3 May 2014
A Modest Proposal on Sentencing Disparity
The chief purpose of a trial is to ensure and secure fair and impartial administration of justice between the parties to the action. A trial seeks to ascertain the truth of the matters in issue between the parties and to apply the law to those matters (“Trial”). The basic concept of a fair trial by jury has been in existence since the signing of the Magna Carta in 1215(Robinson). This idea has been in practice for hundreds of years and has been a fundamental and concrete provision in the establishment of the American criminal justice system. This concept is simple in nature but the process itself has become complicated in modern practice, mostly due to racial bias.
Discrimination and racism has plagued many aspects of the American culture, but this social stain is best documented in the court systems today. The marks are embedded upon sentencing and visible throughout prisons across the United States. Studies have found that racial/ethnic minorities are sentenced more harshly than whites even after legally relevant factors, such as offense seriousness and prior criminal history, are taken into consideration (Mitchell).

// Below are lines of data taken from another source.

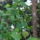 Gyumolcsfak_5_1444878_2011_t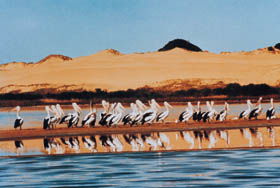 Coorong National Park - Port Augusta Accommodation 0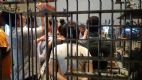 4 - Visita didattica alla Biennale Architettura 2016 REPORTING FROM THE FRONT: molte case, molti luoghi, un mondo unico | EVENTI | Buon Pastore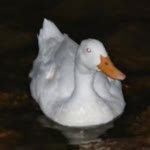Serkan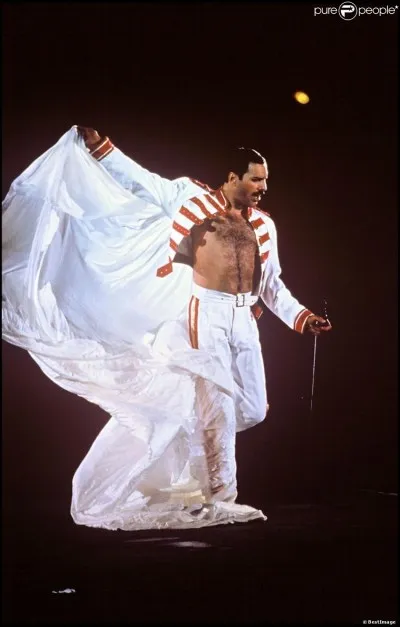 Quel était l'accessoire fétiche de Freddie sur scène ?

The solution is blatantly obvious; we just choose not to see it. To establish and maintain the integrity of our legal system we MUST end the rampant trend of racial disparity during sentencing. In order to prevent this injustice we must eliminate factors that enable discrimination in the courts. This can be accomplished by making it mandatory that ALL judges and jurors are 100% blind.
By implementing my plan we will be providing more employment opportunities for the blind and promote more ways for them to become involved in the community. It will also demand a more challenging testimony from lawyers, defendants, and experts who take the stand. This would be entertaining as well as facilitating the need to expand education because after all neither the judge nor the jury can see the evidence.